Structure clustering in command line on Linux

User 8c68bb23cf

11-03-2009 00:33:24

Hi,





we need to perform clustering of a large set of compounds (~200k). Since we have a linux version of ChemAxon installed, we'd like to split the task into a number of SDF-formatted subsets and run Library MCS in parallel on several machines. But since these are rack-mounted cluster nodes, having a requirement for a locally started GUI application would be fairly inconvenient.

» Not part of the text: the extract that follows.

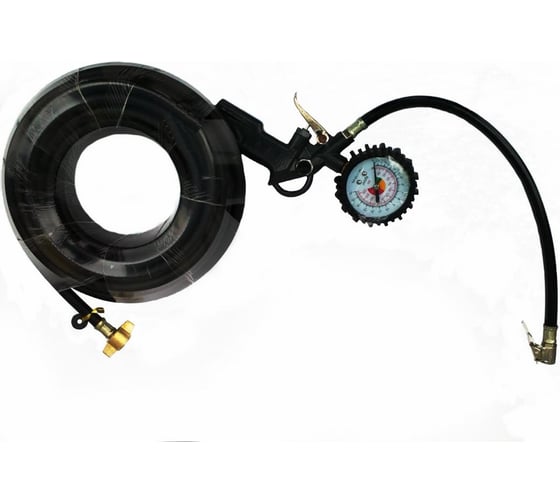 Изображение товара Шланг подкачки колес с манометром и пистолетом Дали-Авто 16 м, 20 атм DA-01591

Hence, the question: is it possible to run compound clustering purely via command line? Is there a built-in function or would it require writing Java code using the plugins?





Thanks in advance








Sasha

ChemAxon efa1591b5a

11-03-2009 08:18:28

Hi Sasha,





there is a batch version of LibraryMCS that runs without a GUI. Run libmcs -h to get a list of available options.





I'm sure you are aware of getting different results for the split subsets than for the full set...





Regards,





Miklos

User 8c68bb23cf

11-03-2009 16:16:40

Thank you Miklos,





I'll play around with that option and see what I get. And yes, I'm aware of the tradeoffs while clustering a number of subsets. I'm doing it mostly for performance reasons, but will probably experiment with sets of different size to get an idea of the maximum acceptable subset.





Thanks again





Sasha

User 8c68bb23cf

11-03-2009 21:06:38

Hi Miklos,





I tried the libmcs command, but it's not really a true command line version. It simply starts the GUI version of LibraryMCS. When invoked remotely (via ssh) on a compute node of a cluster, it complains about X11 not being set and headless environment (which is ok for a GUI application, but not ok for something that is presumably written for command line use).





With that, I guess, there is no command line version.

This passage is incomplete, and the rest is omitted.